1. Debtor Education: There are two classes that must be completed before getting a discharge. The first class, Credit Counseling, must be completed before any papers can be filed with the court. The classes must be taken with a court approved agency, and that agency will issue a certificate after the course has been completed. This certificate will be included in the paperwork filed at the start of the bankruptcy process. The certificate is valid for 180 days after taking the Credit Counseling class. Massachusetts Approved Credit Counseling Agencies

The second class, Financial Management, must be completed before the court will order the debts discharged. This class must be completed within 45 days after the Meeting of Creditors. The cost is generally about $50.00 for each class, and can be done on the telephone or over the internet. Massachusetts Approved Financial Management Agencies Most court approved agencies offer both classes.

2. Filling out the Bankruptcy Petition: The bankruptcy petition is somewhat like a tax return. It has summary pages, followed by more detailed supporting information. On these forms will be listed income, debts, and assets. The asset section of the petition is where all assets will be listed and also where they will be protected. This protection is done by using the exemption amount allowed by selecting either the state or federal exemption amounts. Simply stated, although an asset may be listed, it may also be that you are allowed to keep everything that had to be listed. Some states, Massachusetts is one of them, allow a choice between using the federal exemptions or the state exemptions to keep your assets. That decision should be discussed with your attorney.

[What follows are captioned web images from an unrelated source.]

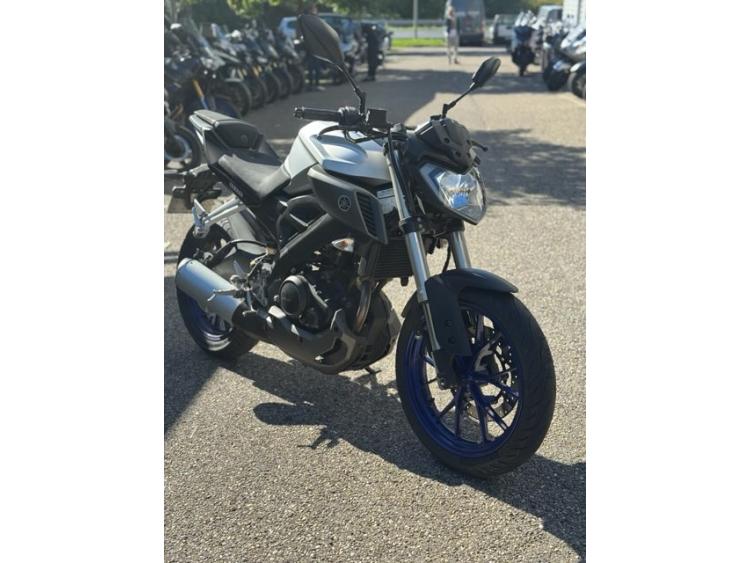 YAMAHA MT-125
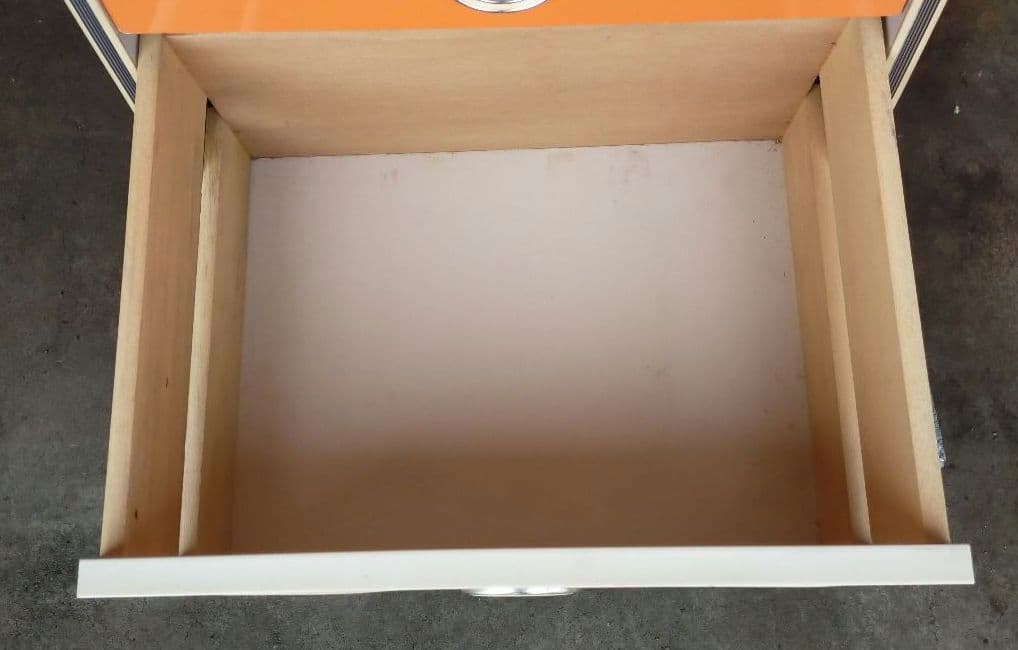 昭和 レトロポップオレンジ色 ガラス扉付き収納キャビネット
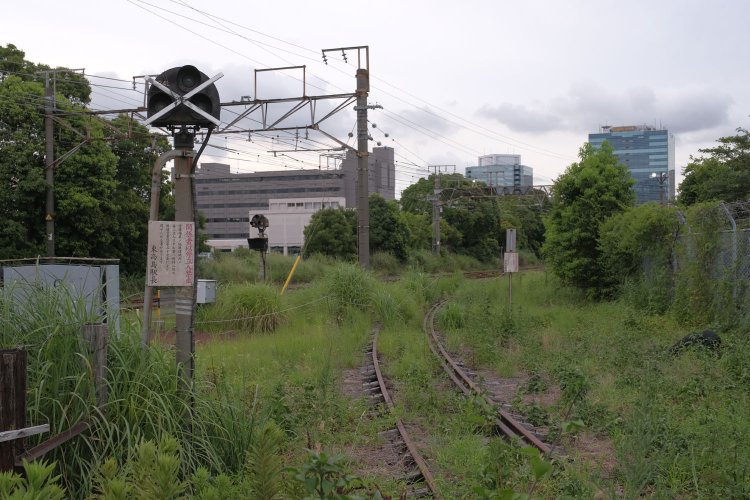 使用停止となった入換信号機。看板には線路内立入禁止の旨が旧仮名使いで書かれていた。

3. The Meeting of Creditors: after the papers have been filed with the court, a meeting will be set up by the bankruptcy trustee assigned to the case. This meeting is also known as a “341 Meeting.” Creditors are notified of this meeting, and have the option to attend and ask questions. In reality, rarely do creditors attend these meetings. The bankruptcy trustee runs the meeting and will ask the debtor a series of questions about the papers filed with the court. The bankruptcy trustee’s job is to determine if all assets have been included on the initial filing and whether there are any new assets that may not be protected. The meeting generally lasts for about ten minutes.

4. Getting to Discharge: Within 45 days after the Meeting of Creditors, if not already filed, a certificate showing that the second required Debtor Education class has been completed must be filed. Once that has been done, and unless there is an objection filed by a creditor, the court will issue a discharge within 60 days of the date of the Meeting of Creditors. This is usually the end of the process, and the case is closed.